**DATA TO PROCESS**
:::::
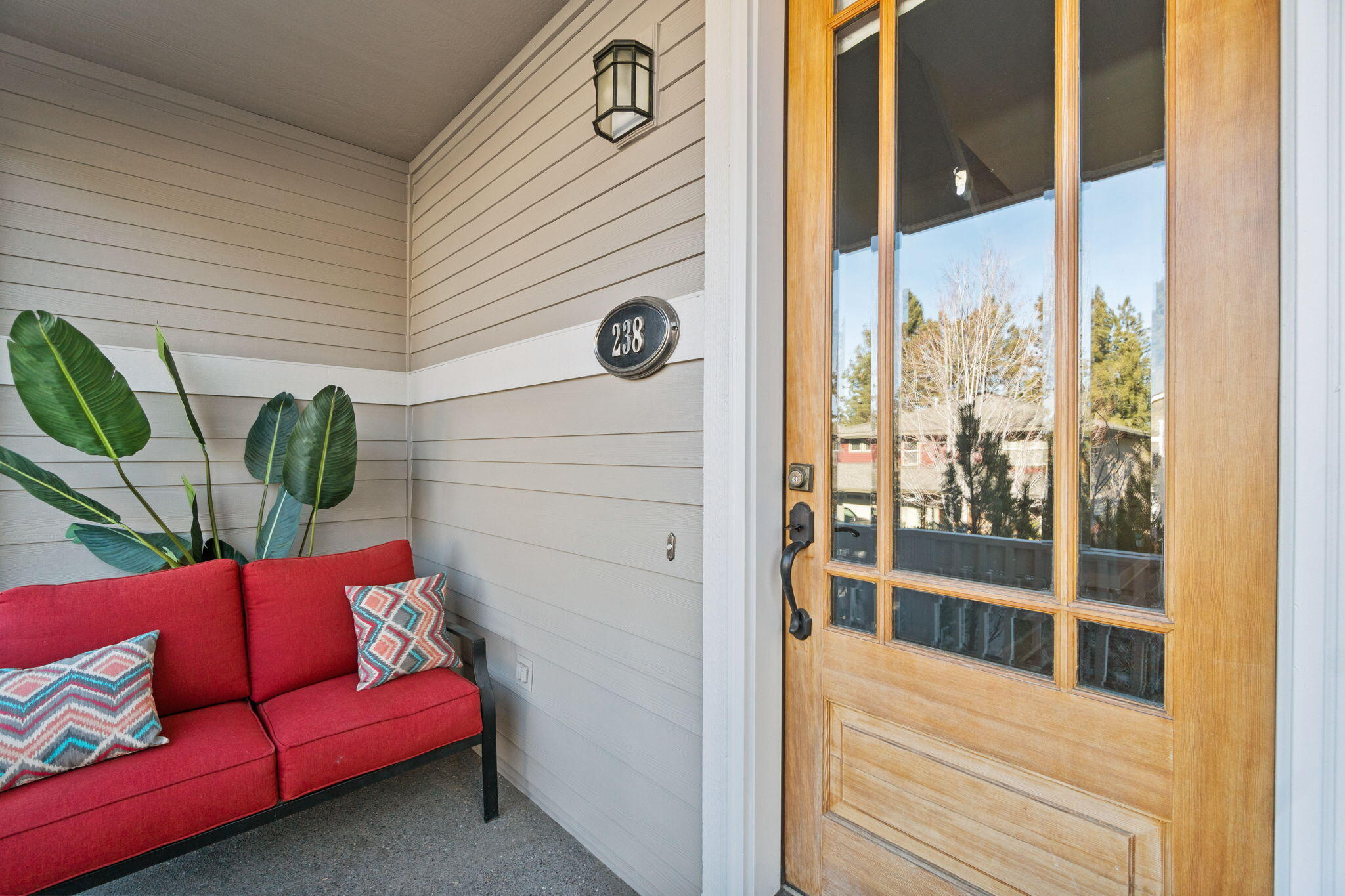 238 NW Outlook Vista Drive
:::::
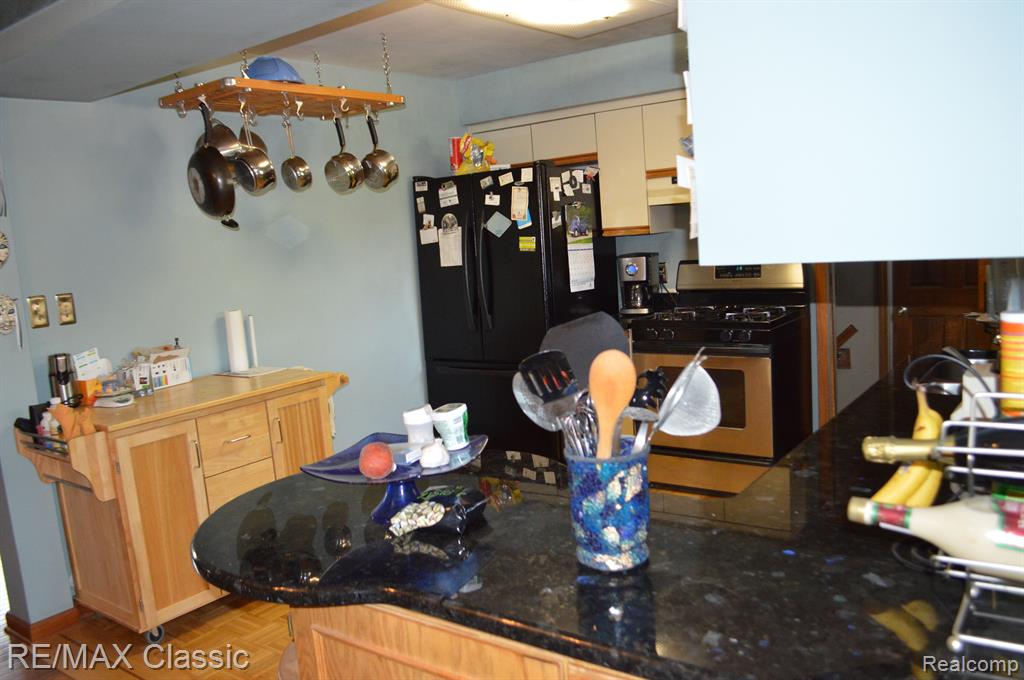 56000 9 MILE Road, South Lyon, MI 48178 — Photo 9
:::::
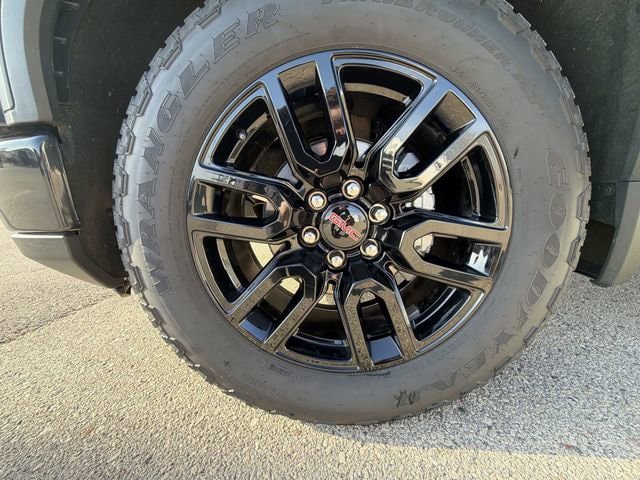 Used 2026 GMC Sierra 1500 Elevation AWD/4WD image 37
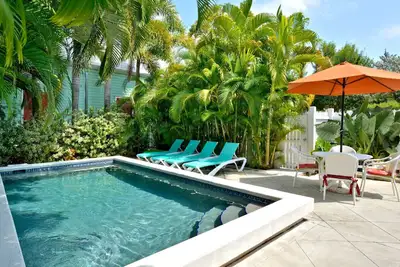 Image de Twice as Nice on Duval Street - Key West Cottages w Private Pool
:::::
**PROBLEM**
Would you copy, word for word, only the lines above from the one containing "Used 2026 GMC" through the one containing "Image de Twice", both included, and please leave out the pictures?

**RESPONSE TO THIS TASK**
 Used 2026 GMC Sierra 1500 Elevation AWD/4WD image 37
 Image de Twice as Nice on Duval Street - Key West Cottages w Private Pool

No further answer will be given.